Os dinamismos que bebemos de tantos eventos celebrados ao longo do ano, seja a nível de toda a Igreja, seja a nível das Igrejas locais onde se integram fiéis e comunidades, movimentos e institutos de vida consagrada, associações e obras de vida cristã, exigem que continuemos a assumi-los em atitude de peregrinos. Aliás, foi neste tom que o nosso Bispo nos convidou a viver este período tão importante da Igreja, sinalizado neste último dia com uma peregrinação efetiva ao Santuário de Nossa Senhora dos Remédios, em Peniche.

A peregrinação faz-nos caminhar, recomeçar de novo, olhar em frente, perspetivar, sempre mergulhados na fé enraizada em nós, seja no coração dos nossos seres, seja no coração das comunidades. As recentes propostas que por aí andam têm de ser assumidas em atitude fiducial (fé) e de fidelidade (fiéis). Dou dois exemplos.

Recebemos o questionário (não se trata de inquérito) de preparação para a próxima sessão do Sínodo dos Bispos sobre os desafios da família no contexto da evangelização. No pouco que tenho visto e ouvido do muito que tem aparecido e soado, surpreendem-me alguns descentramentos na receção deste processo, até vindos de gente metida nas andanças eclesiais. Por vezes, fica a impressão que o dinamismo da fé estancou, quando este processo só deveria ser refletido (e rezado) em ambiente de fé, iluminadora de tantas situações ligadas, no caso em questão, à realidade familiar.

Os bispos portugueses ofereceram-nos uma mensagem sobre os desafios éticos do trabalho humano e uma carta pastoral sobre a ideologia do género. Muita gente, e até alguns cristãos, pincelaram estas ofertas em tonalidades de superficialidade e de lateralidade, sem perceberem que só podem ser acolhidas, de forma fiel, crítica e criativa, em atitude de fé. Uma vez mais, uma fé que ilumina, em perspetiva cristã, realidades tão pertinentes e fulcrais para as nossas vidas, situadas de forma profética na sociedade de hoje.

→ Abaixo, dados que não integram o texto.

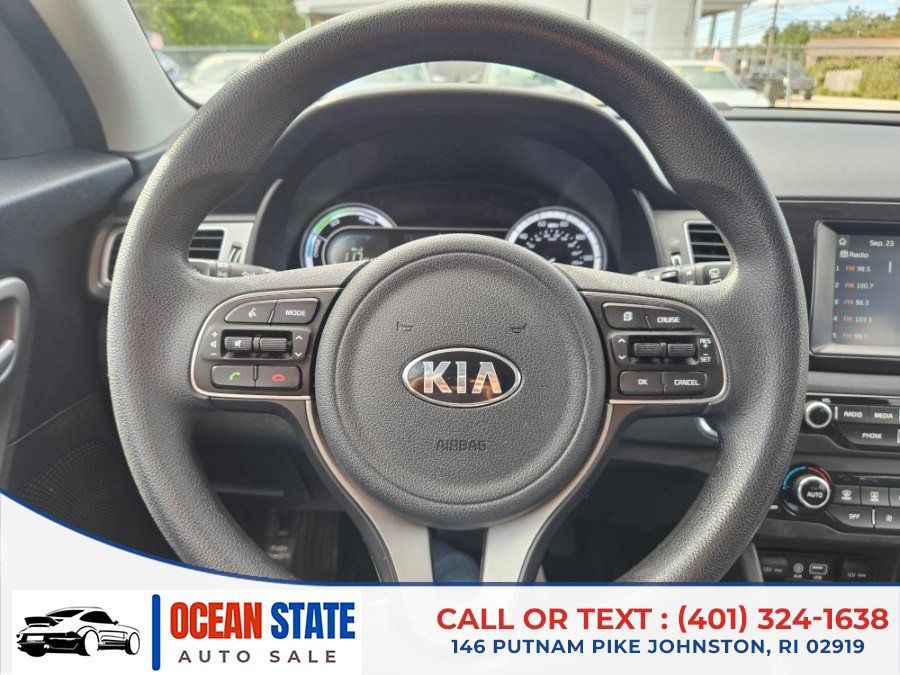 Used 2019 Kia Niro LX FWD image 19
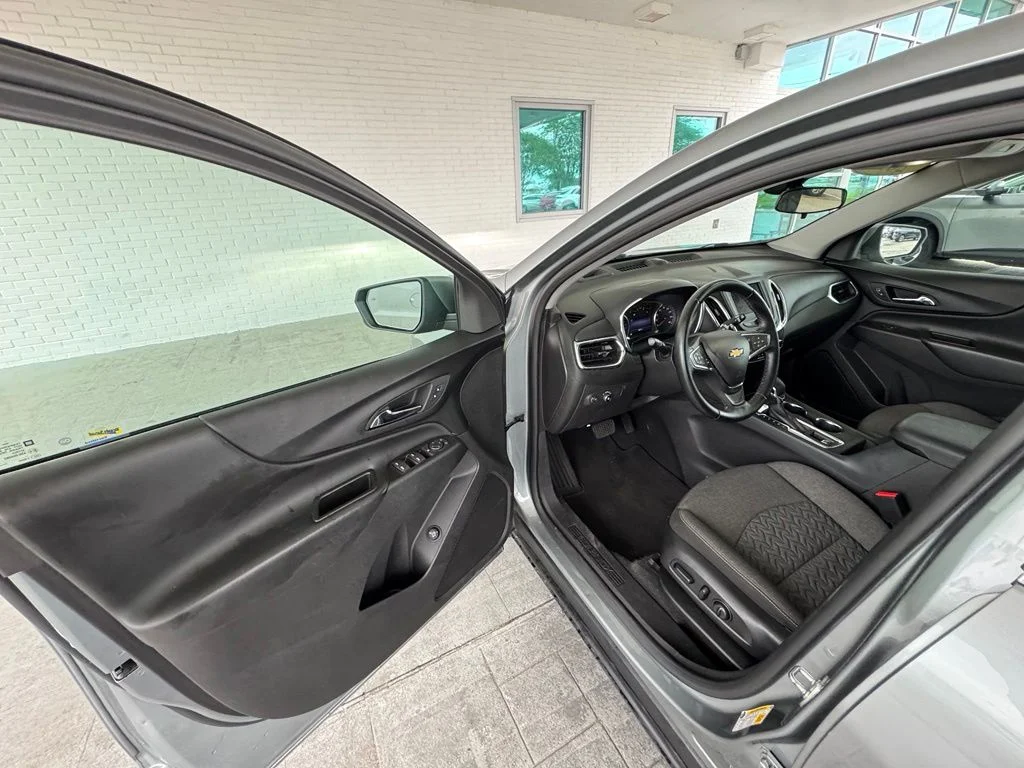 Used 2024 Sterling Gray Metallic Chevrolet LT image 10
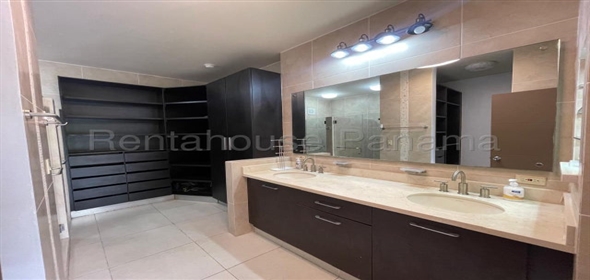 Embassy Club Avenida Demetrio Lakas F18 Modelo Gardens 2D, Panama City Panamá Province, 07144 | Stunning Apartment - Apartamento en el Embassy Club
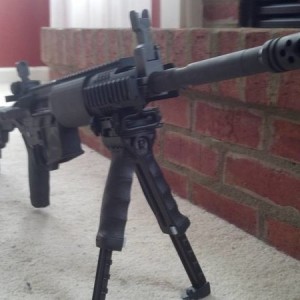 Mako bipod grip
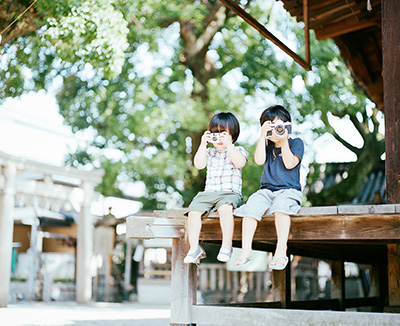 Haru and Mina by Japanese Photographer Hideaki Hamada
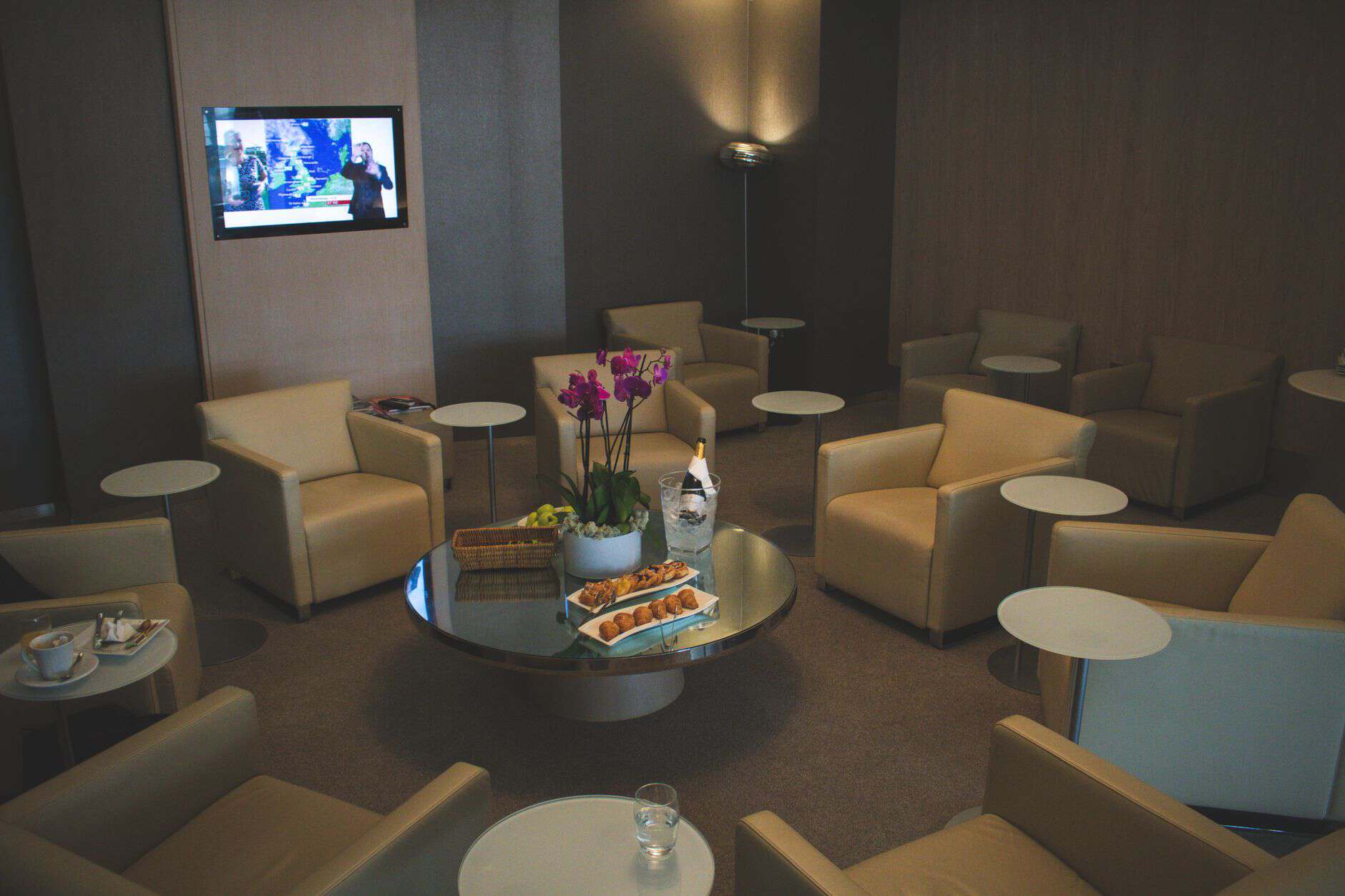 premium airport lounge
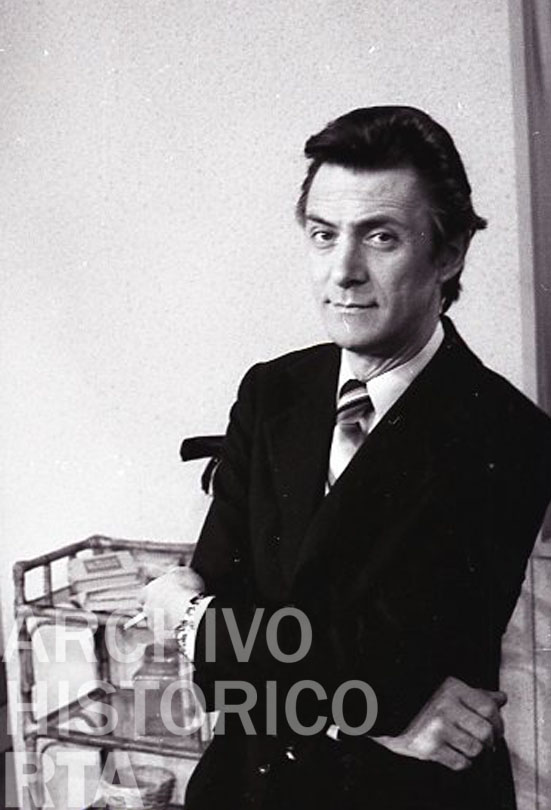 Serie: Programa Mujer Visión. Fernanda Mistral y Lucho Avilés.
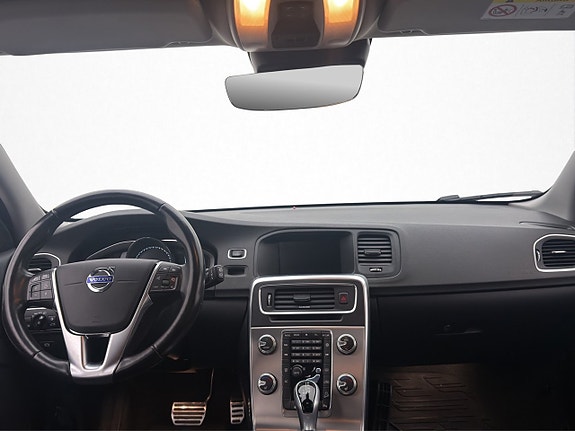 Volvo V60 Cross Country 13 of 29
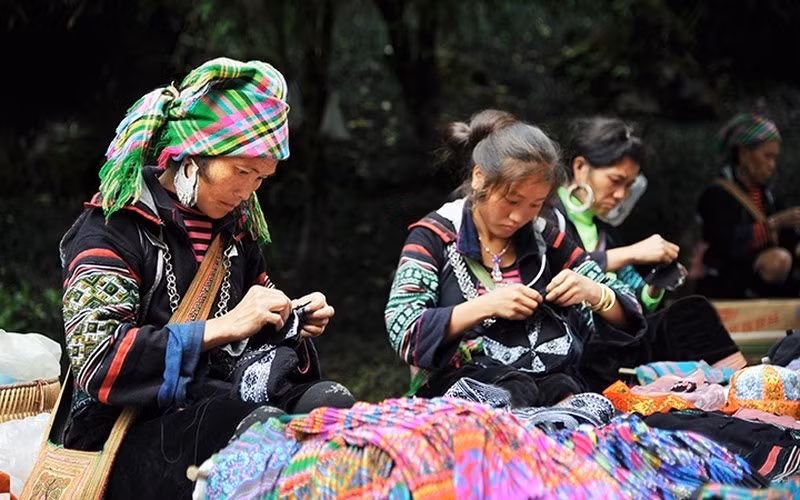 Lào Cai lồng ghép giới và công bằng xã hội trong phát triển du lịch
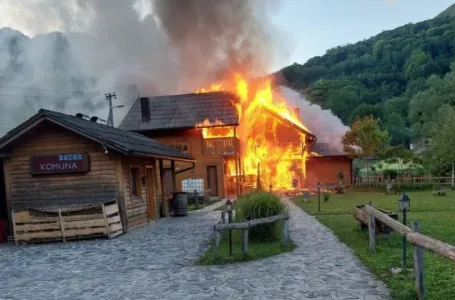 Požar u Ribniku: Izgorio restoran, unutra je bilo i gostiju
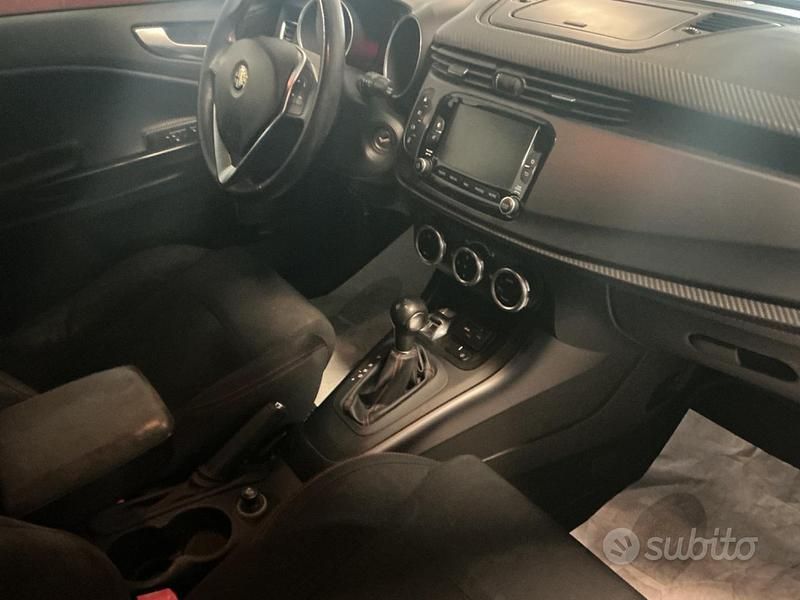 Usata Alfa Romeo Giulietta Sprint 175 CV (128 kW) 2014 Grigio Utilitaria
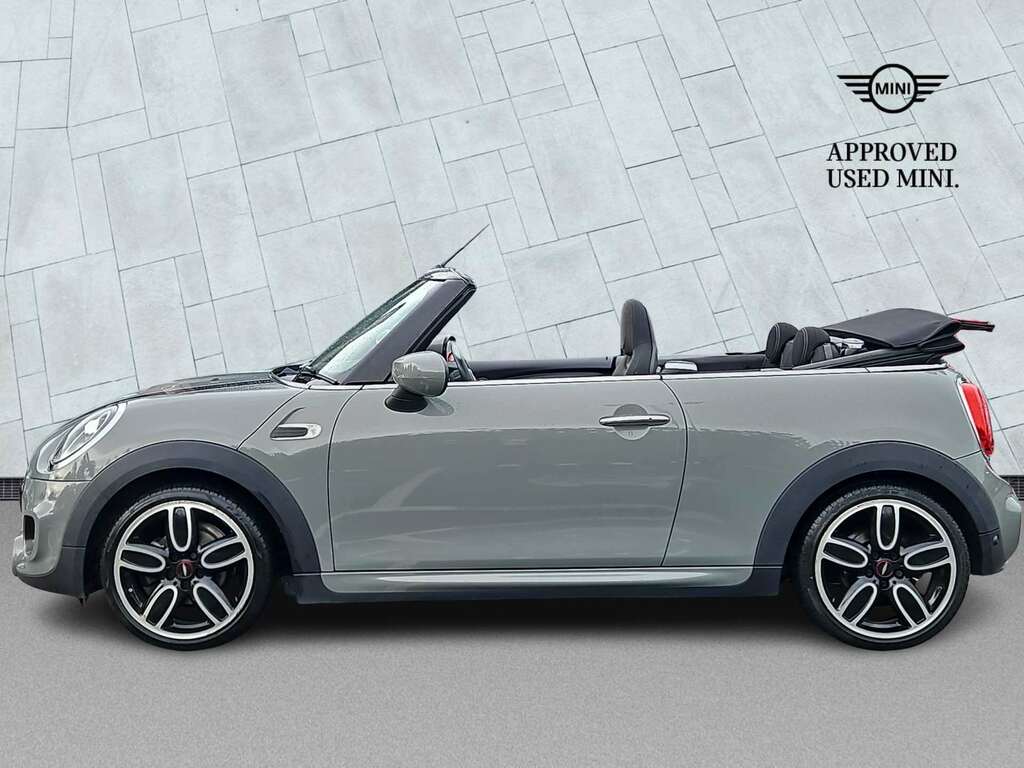 Mini Convertible 1.5 Cooper Classic 134 Bhp Red #19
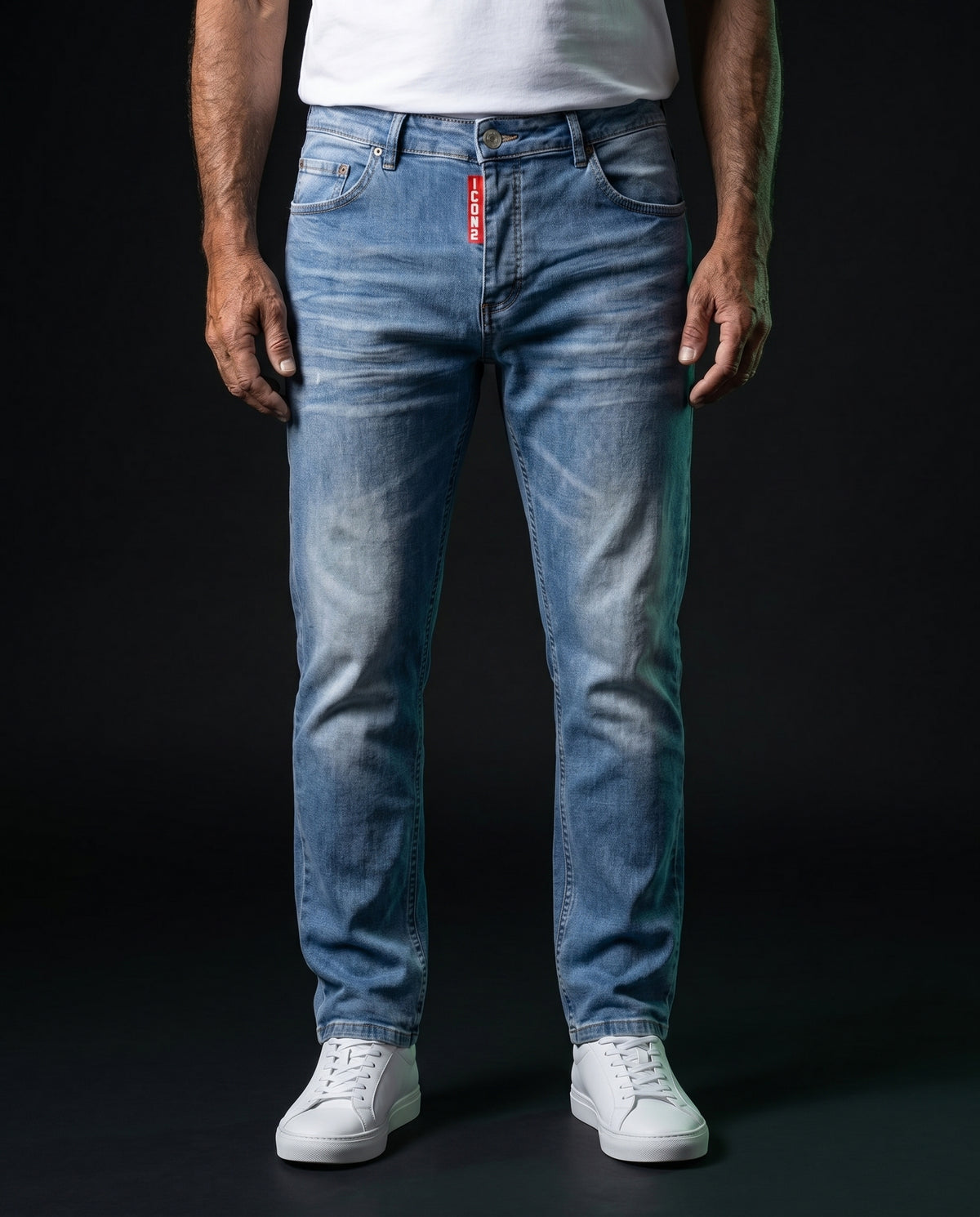 Icon 2 Jeans Onda Hellblau – Slim Denim, Frontansicht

Termina a proposta pastoral do Ano da Fé, mas esta só pode estar sempre em construção, tornando-nos cada vez mais fecundos no amor e abertos à esperança. É um processo de peregrinação sempre a caminho. A propósito, a encíclica Lumen Fidei não deveria ficar nas estantes nem nas gavetas. Nunca é demais a ela regressar para provar novos sabores. Não resisto a citar duas breves passagens, que nos situam neste dinamismo de abertura à esperança. Logo nos inícios (n. 9), Bento XVI recorda-nos de forma densa que «a fé, enquanto memória do futuro, está intimamente ligada com a esperança». E mesmo no final (n. 57), antes de concluir com a referência à grande mulher de fé e de esperança que é Maria, coloca-nos no centro de todos os andamentos peregrinos: «Unida à fé e à caridade, a esperança projeta-nos para um futuro certo, que se coloca numa perspetiva diferente relativamente às propostas ilusórias dos ídolos do mundo, mas que dá novo impulso e nova força à vida de todos os dias. Não deixemos que nos roubem a esperança, nem permitamos que esta seja anulada por soluções e propostas imediatas que nos bloqueiam no caminho».

Como diz São Paulo, a maior de todas as três é a caridade, a tal que nunca acaba. Na sequência, enquanto centrados no amor de Deus derramado nos nossos corações pelo seu Espírito, somos peregrinos da fé que nos impele a caminhar na esperança.